Andy Dixon

Personal information
- Full name: Andrew Dixon
- Date of birth: 19 April 1968 (age 57)
- Place of birth: Louth, England
- Height: 6 ft 1 in (1.85 m)
- Position: Right-back

Youth career
- Grimsby Town

Senior career*
- Years: Team / Apps / (Gls)
- 1986–1989: Grimsby Town / 38 / (0)
- 1989–1990: Southend United / 24 / (0)
- Lincoln City
- Gateshead
- Southend Manor
- 1992–1993: Chelmsford City / 12 / (0)
- Wealdstone
- 2003–200?: Basildon United

= Andy Dixon (footballer) =

English footballer

Andrew Dixon (born 19 April 1968) is an English former footballer who made 62 appearances in the Football League playing as a right-back for Grimsby Town and Southend United.

==Career==
Dixon began his career at Grimsby Town, initially played for the club as a youth before stepping up to the first team. Dixon made 38 Football League appearances during his time at the club, signing for Southend United in 1989. Dixon stayed at Southend for one season, making 24 league appearances, before leaving the club.
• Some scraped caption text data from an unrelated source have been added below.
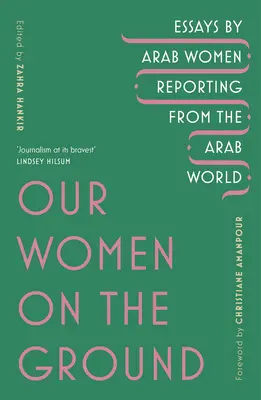 Naše ženy na zemi: eseje arabských žien podávajúce správy z arabského sveta - Our Women on the Ground - Arab Women Reporting from the Arab World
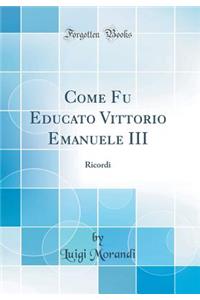 Come Fu Educato Vittorio Emanuele III: Ricordi (Classic Reprint): Ricordi (Classic Reprint)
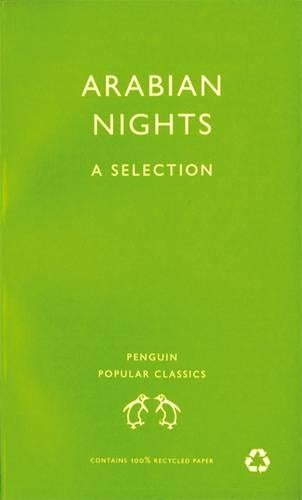 Arabian Nights: A Selection (Penguin Popular Classics)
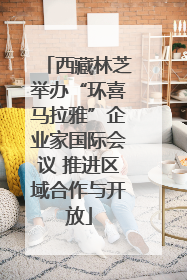 西藏林芝举办“环喜马拉雅”企业家国际会议 推进区域合作与开放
He joined Lincoln City at the start of their pre-season preparations on an initial month-by-month basis. Dixon debuted for club when appearing as a 70th minute substitute for Steve Stoutt in the 2-0 First Round First Leg Rumbelows Cup defeat at Halifax Town on 28 August. This would be his only senior appearance for the Imps and he departed Sincil Bank on 14 September following the completion of his month-by-month contract with manager Allan Clarke judging that, at that point in time, Paul Casey was a better player in his position.

Dixon later played for Gateshead, Southend Manor, Chelmsford City, Wealdstone and Basildon United.